:: ABOUT THIS EXERCISE ::
Give back an exact copy of the listing that follows, without the pictures.

:: PROVIDED DATA ::
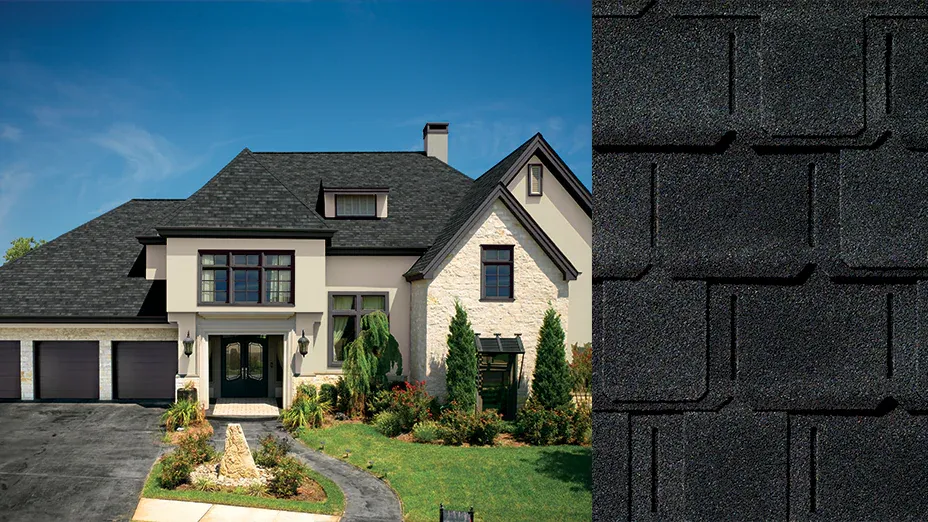GAF Camelot II Class 3 designer shingles in Charcoal on home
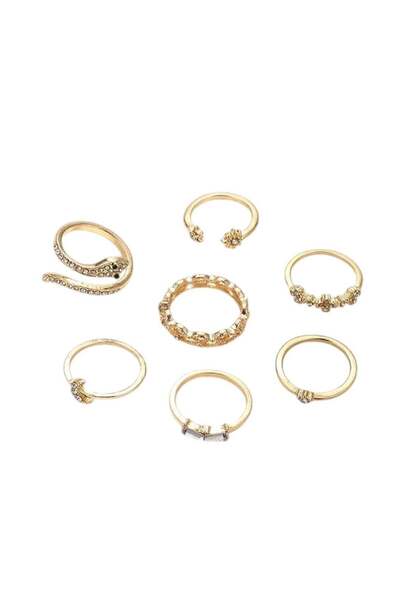 huitich 7 Pcs Gold Colour Ring Set Elegant Stackable Rings (Sizes: 5.4, 6, 6.5, 6.8, 7, 8.4, 9)
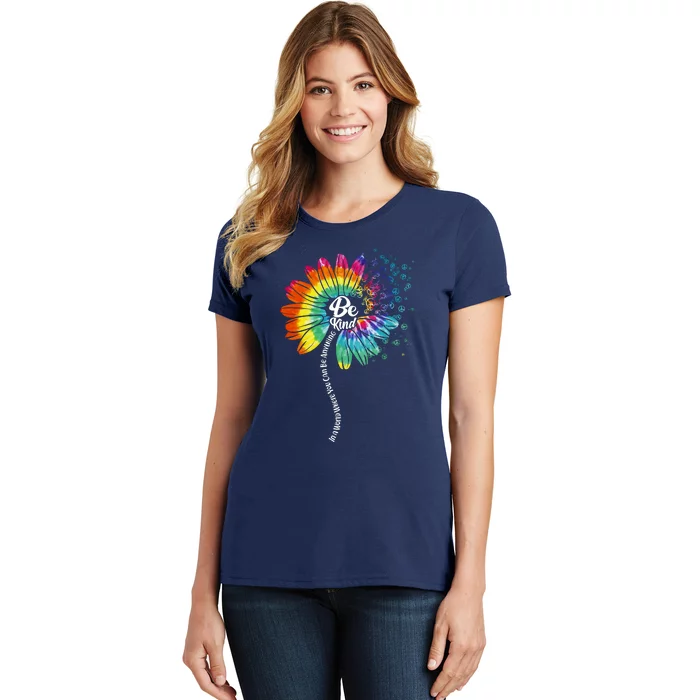 Be Kind Tie Dye Peace Flower Women's T-Shirt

:: EXERCISE SOLUTION ::
GAF Camelot II Class 3 designer shingles in Charcoal on home
 huitich 7 Pcs Gold Colour Ring Set Elegant Stackable Rings (Sizes: 5.4, 6, 6.5, 6.8, 7, 8.4, 9)
 Be Kind Tie Dye Peace Flower Women's T-Shirt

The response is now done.